Engineering Next Generation Hole Transport Layers for Lead Free Perovskite Solar Cells Exceeding 23% Power Conversion Efficiency

Abstract

Lead-based halogenated perovskite solar cells have been mainly studied recently; however, these cells have two major drawbacks: lead toxicity and device instability, which limit their commercialization.

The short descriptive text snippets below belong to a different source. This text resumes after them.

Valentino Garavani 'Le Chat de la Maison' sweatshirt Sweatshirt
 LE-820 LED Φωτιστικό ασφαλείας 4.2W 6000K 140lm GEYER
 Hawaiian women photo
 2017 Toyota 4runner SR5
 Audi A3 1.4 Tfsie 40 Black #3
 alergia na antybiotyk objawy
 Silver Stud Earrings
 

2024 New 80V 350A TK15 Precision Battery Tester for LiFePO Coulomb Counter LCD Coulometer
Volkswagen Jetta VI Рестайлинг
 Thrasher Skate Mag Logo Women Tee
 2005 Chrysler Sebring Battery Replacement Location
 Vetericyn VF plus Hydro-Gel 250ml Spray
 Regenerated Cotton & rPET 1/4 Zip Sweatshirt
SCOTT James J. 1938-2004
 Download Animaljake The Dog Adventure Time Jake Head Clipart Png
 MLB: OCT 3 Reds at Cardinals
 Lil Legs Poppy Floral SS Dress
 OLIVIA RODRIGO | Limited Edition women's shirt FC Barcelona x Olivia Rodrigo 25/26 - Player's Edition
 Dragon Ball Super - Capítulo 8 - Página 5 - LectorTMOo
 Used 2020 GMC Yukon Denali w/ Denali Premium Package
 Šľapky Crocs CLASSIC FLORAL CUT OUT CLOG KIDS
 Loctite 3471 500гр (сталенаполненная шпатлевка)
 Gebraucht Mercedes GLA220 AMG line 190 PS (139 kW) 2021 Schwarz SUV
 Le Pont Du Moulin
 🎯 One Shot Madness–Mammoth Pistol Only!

In this paper, we investigate, theoretically, the effect of temperature on the PV performance of a lead-free perovskite solar cell (PSC) based on formamidinium tin iodide (HC(NH2)2SnI3) in the configuration: FTO/WS2/HC(NH2)2SnI3/Cu2O/Au. Three inorganic materials (CuSCN, MoO3 and NiO) and three other organic materials (Spiro-OMeTAD, P3HT and D-PBTTT-14) were used as hole transport layers (HTL) and are also tested under temperature effect. Simulations showed that the introduction of CuSCN, Cu2O, MoO3 and NiO as (HTL) materials leads to a remarkable efficiency of 23.24% up to 389K which reflects the resistivity of these cells at such a high temperature. Substitution of the back contact layer metal by Pt, Ni and Pd metals can maintain this fixed efficiency, and among these alternatives Platinum may be the best candidate since it is both cheaper and non-toxic.